Articles

Bond Issuance and Its Specifications in Regulated Sectors

The CML, which regulates capital market instruments, including the bonds, is the main piece of legislation governing the legal framework of a bond issuance.

The international appetite for Turkish risk continues to rise during the past 4-5 years, and seems to keep focus on Turkish bonds issued in the Turkish market and for Turkish bonds issued in the European and/or US securities markets. Accordingly, last year has been a record year for bond issuance by Turkish banks and other private companies. Pursuant to the reports of Turkish Central Bank pertaining to the year 2014, the borrowings through bond issuance of Turkish banks within and outside of Turkey have been around USD 10 billion, while the bond issuance for the whole Turkish private sector was a little bit more than USD 27 billion. Other than banks, companies in regulated sectors, e.g. energy, telecommunication, aviation and health, preferred bond offerings instead of selecting other methods of raising money, such as bank loans or stock issues, in recent years, to gain the flexibility to refinance their debts. Therefore, as a recent and high-valued topic, this article will focus on the bond offering and its specifications in regulated sectors. To this end we will examine the following: (i) the legal framework for bond offerings regulated under the Capital Markets Law (the “CML”) and the secondary legislation issued by the Capital Markets Board (the “CMB”); (ii) the different types of bond offerings; (iii) procedures for bond offerings, and (iv) the specifications of bond offerings in regulated sectors. 

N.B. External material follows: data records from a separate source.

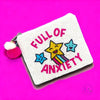 Full of Anxiety Beaded Coin Purse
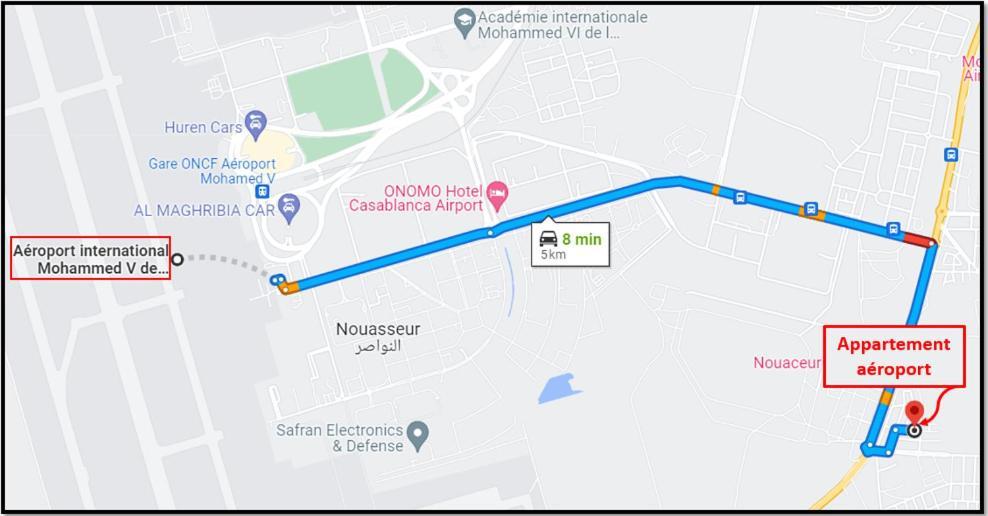 Appartement Aeroport Casablanca Nouaceur Екстериор снимка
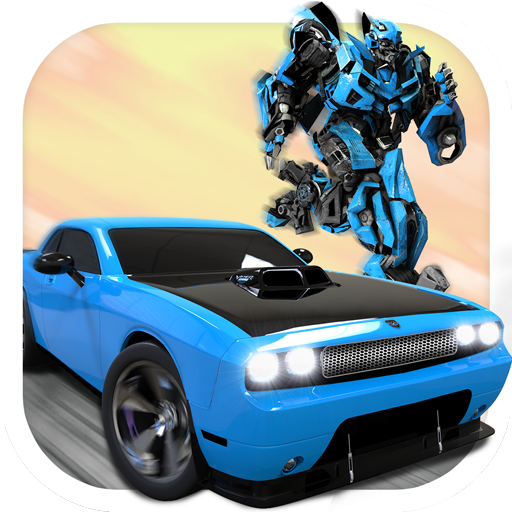 Avanzate muscolo robot auto Trasformare Gioco 2018 icon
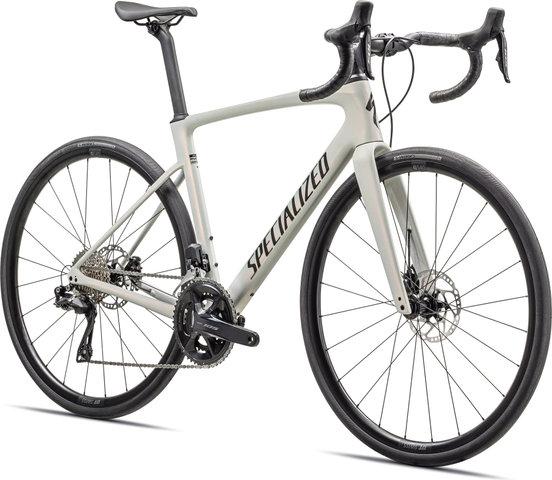 Specialized Vélo de route Roubaix SL8 Comp Carbon 28" - red ghost pearl over dune white-metallic obsidian/54 cm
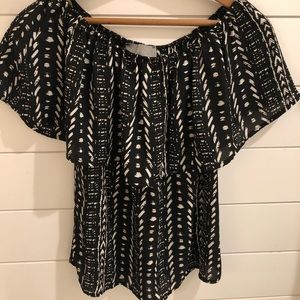 Off-the-shoulder Fab’rik top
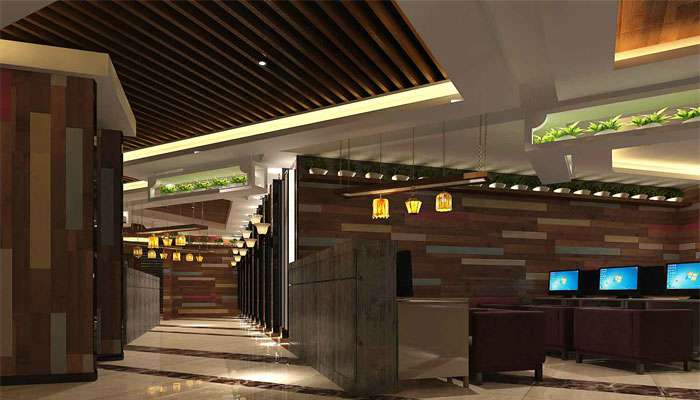 休閑風(fēng)格網(wǎng)咖裝修設(shè)計(jì)圖冊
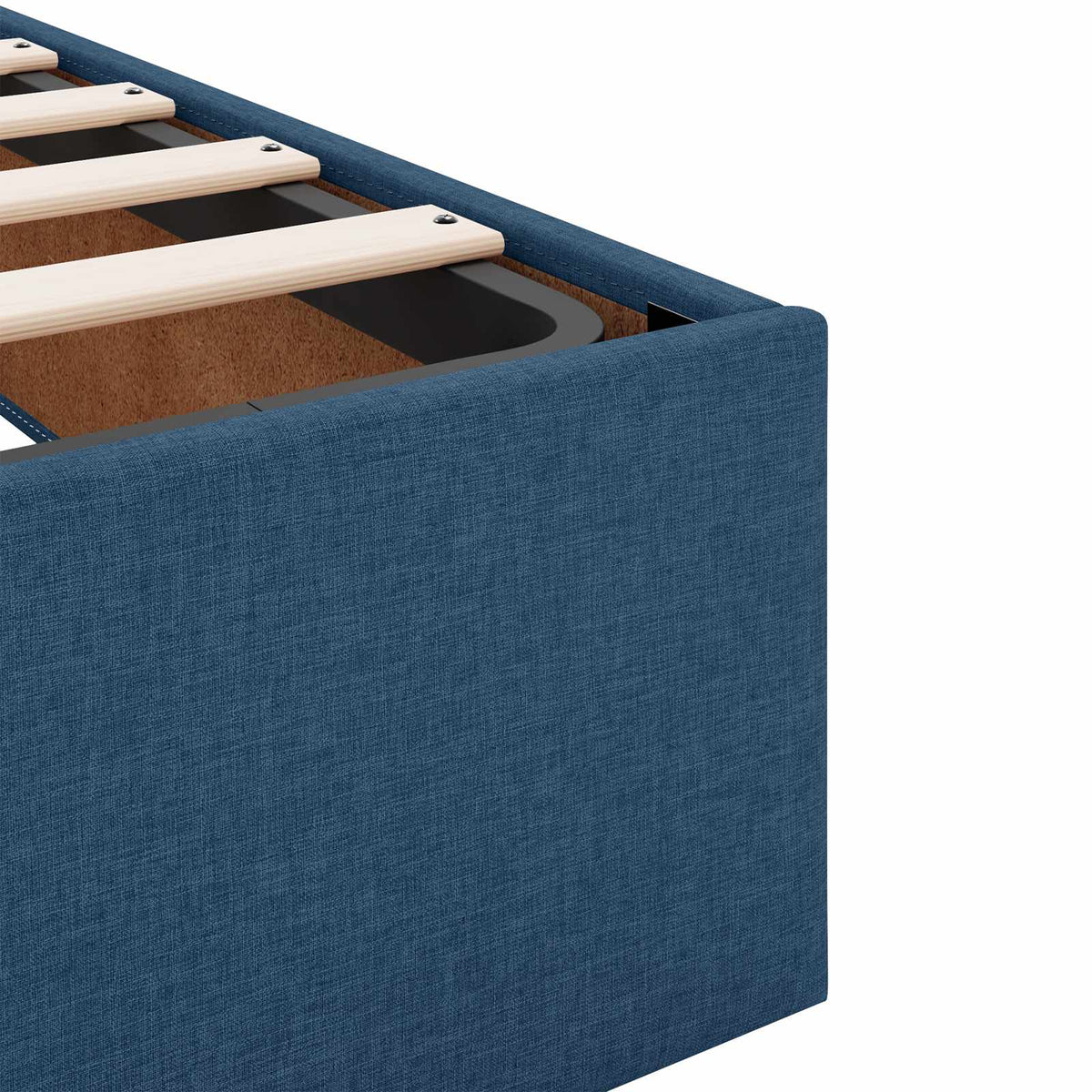 vidaXL Łóżko ottoman z materacem niebieski 160 x 200 cm tkanina
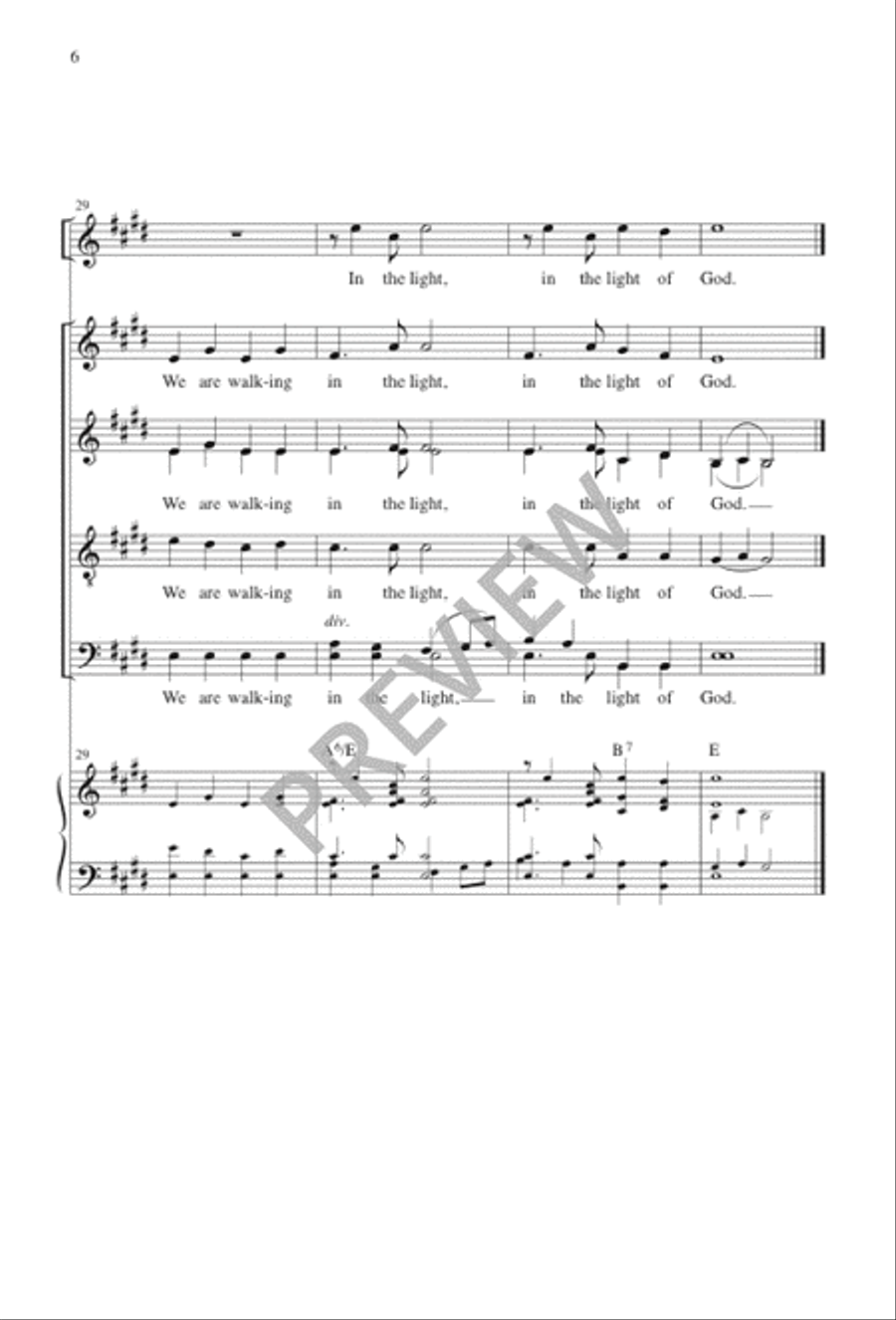 Two Songs of Light 4-Part scores gallery preview page 7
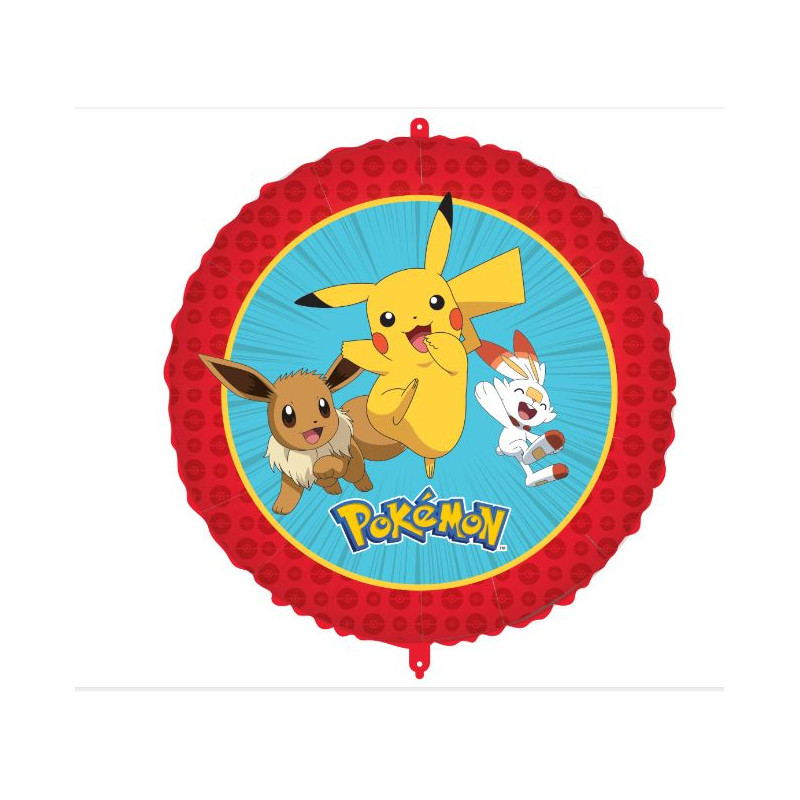 BALLON ALU ROND POKEMON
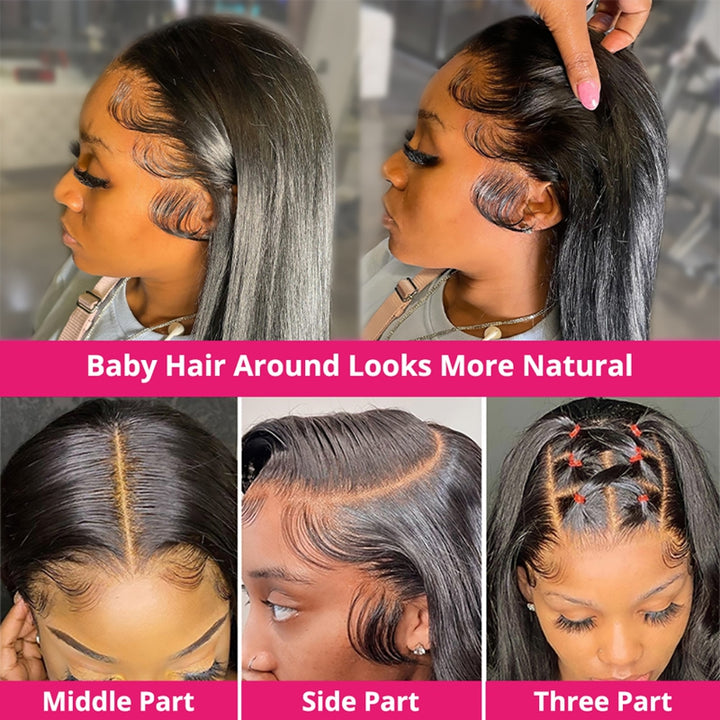 Ishow Straight Body Wave 4x4 Lace Closure Wig - IshowHair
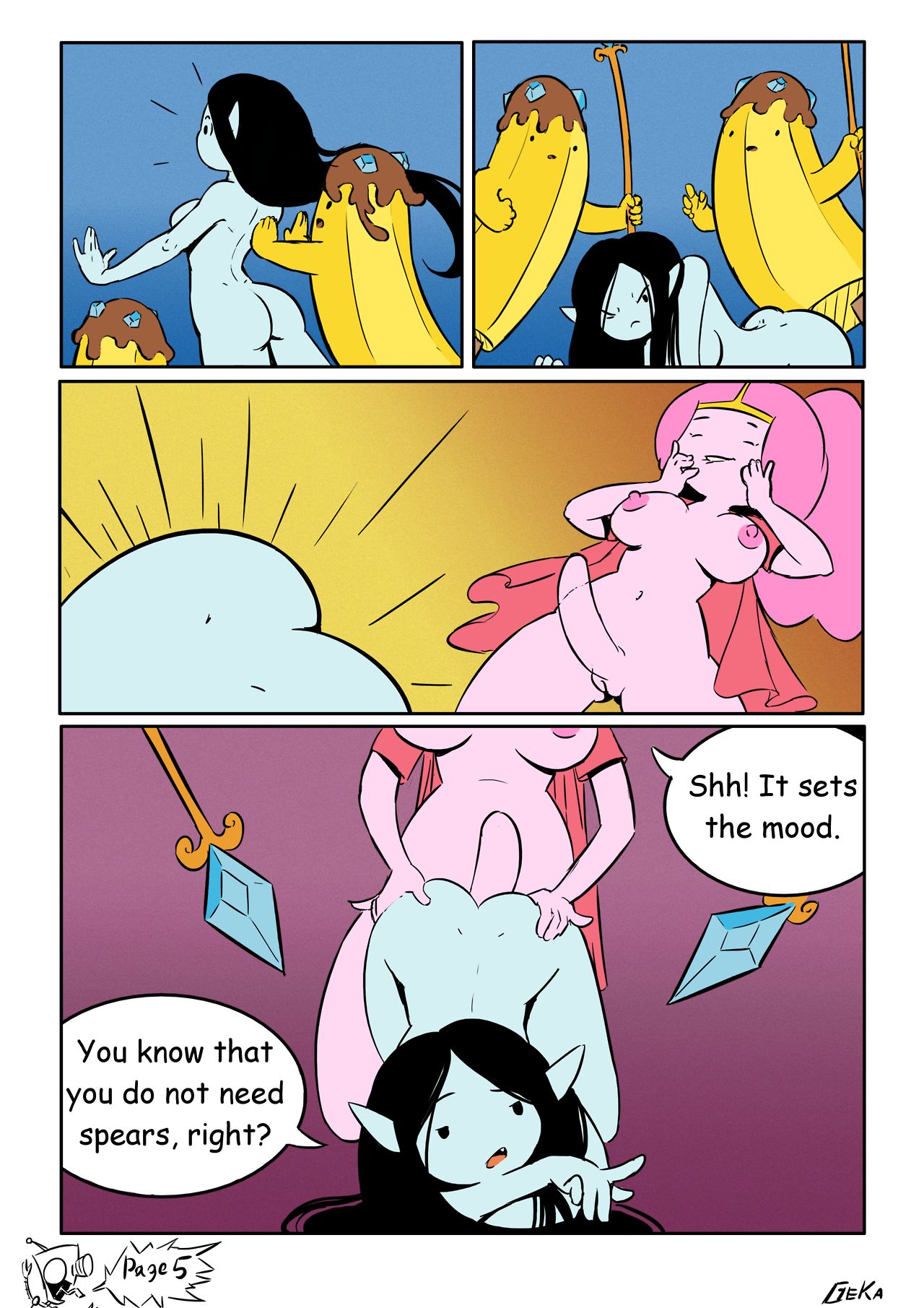 Bubbleline XXX Comic page 6 full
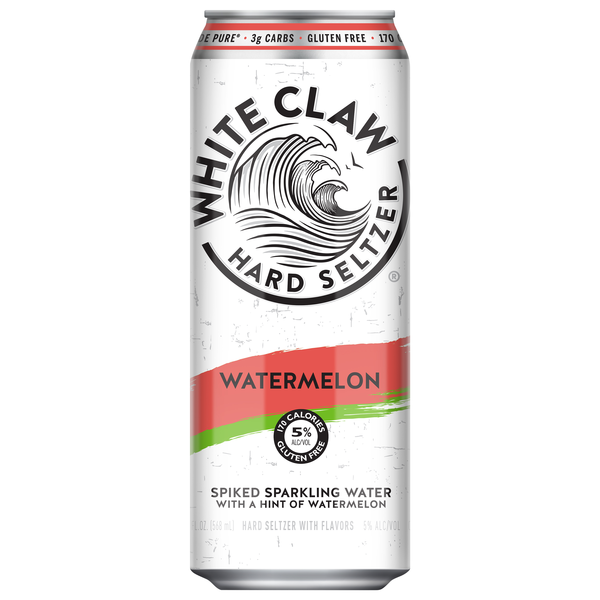 White Claw Hard Seltzer Watermelon Spiked Sparkling Water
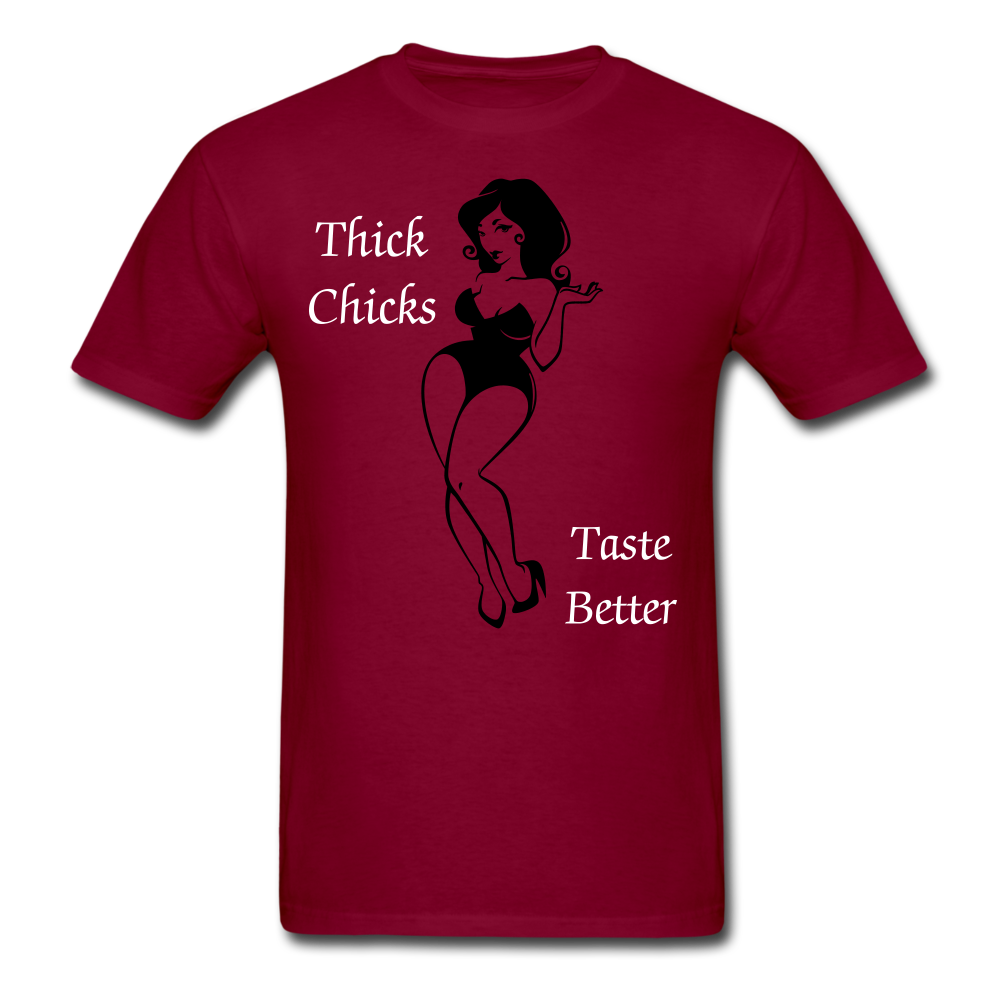 Thick Chicks Tee - burgundy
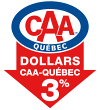 3% de remise en Dollars CAA sur tout achat de pneus d'hiver ou de pneus d't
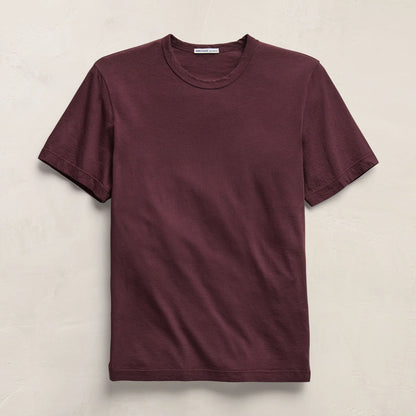 Short Sleeve Crewneck Dark Plum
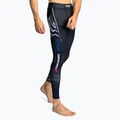 Leggings da allenamento Venum X Tekken 8 da uomo - Jin Kazama Spats blu/nero/bianco 4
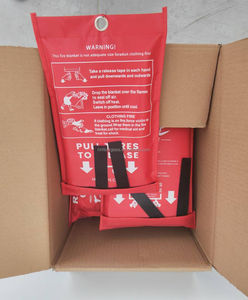 Противопожарное одеяло большого размера, 1,8 м * 1,8 млн, оптом-логотип на заказ/размер, OEM/ODM, стекловолокно, дом/кухня, сертифицировано CE, оптовые заказы - Product Image 6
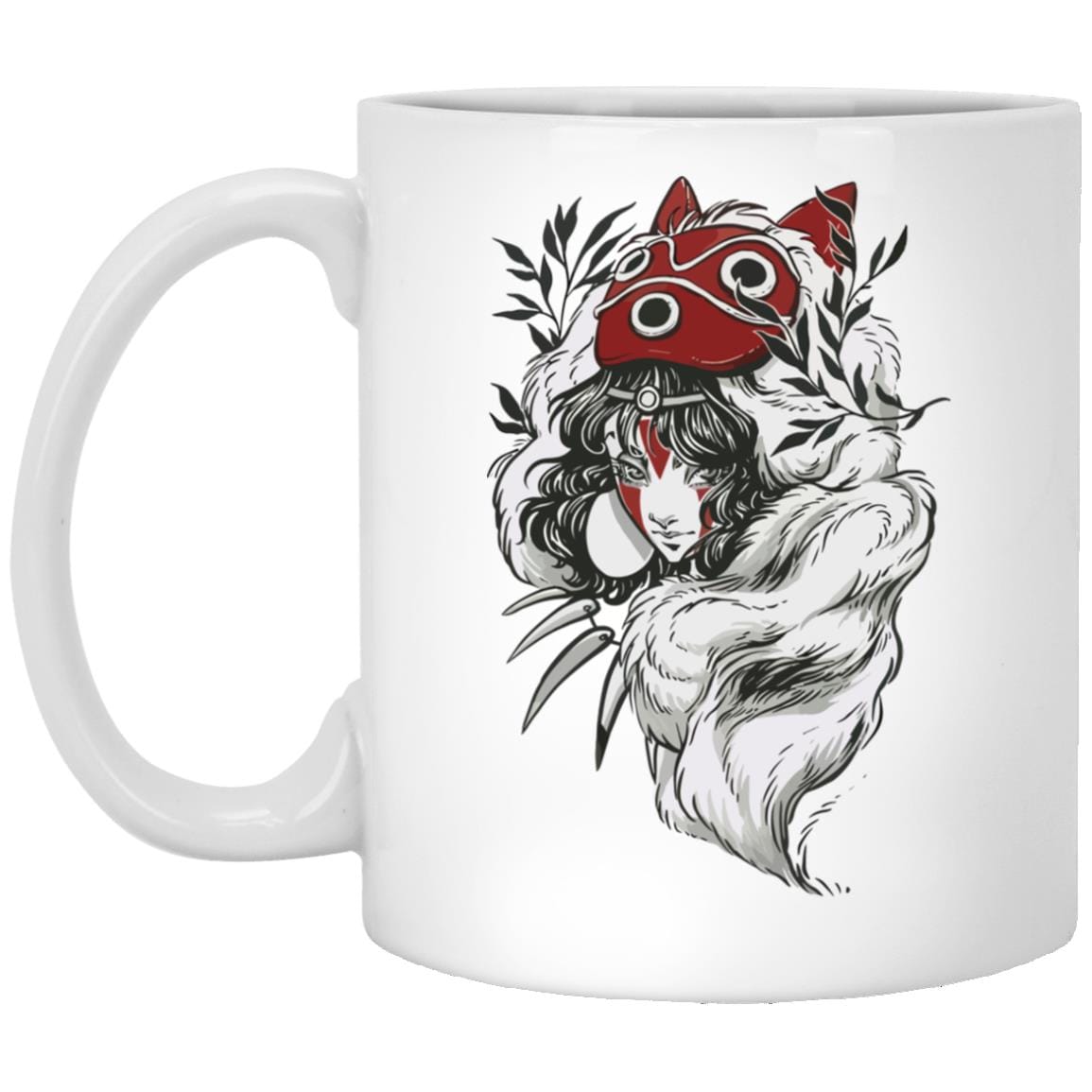 Princess Mononoke Black and White Fanart Mug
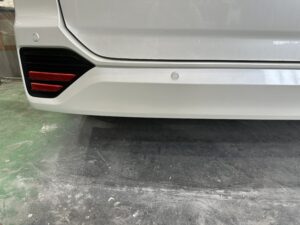トヨタ ノア 左リアバンパーの修理事例2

Legal Context for Bond Issuance

Bonds -as capital market instruments- are a type of debt securities issued by public or private sector companies to provide medium or long term funding through borrowing. In other words, a bond functions like a loan between the investors and the corporation. The CML, which regulates capital market instruments, including bonds, is the main piece of legislation governing the legal framework of a bond issuance. As per Article 4 of the CML, approval by the CMB is compulsory for the issuance of capital market instruments, including the bonds, which necessitates an application to the CMB and fulfillment of the requirements regulated under capital markets legislation. Yet, under Turkish Law, in addition to the CML, the bond offering process is detailed by the secondary legislation issued by the CMB, namely: (i) Communiqué on Debt Securities numbered II-31.1 (“Communiqué on Debt Securities”) regulating the principles for the issuance of bonds and the qualities/types of bonds; (ii) Communiqué on Sales of Capital Market Instruments (“Communiqué on Sales of Instruments”) numbered II-5.2, regulating the sales types and methods, distribution and delivery of the bonds; and (iii) Communiqué on Prospectus and Issuance Certificate (“Communiqué on Prospectus”) numbered II-5.1, regulating the preparation, approval and promulgation of the prospectus (izahname) and issuance certificates (ihraç belgesi) for the issuance, sale or trading of the bonds.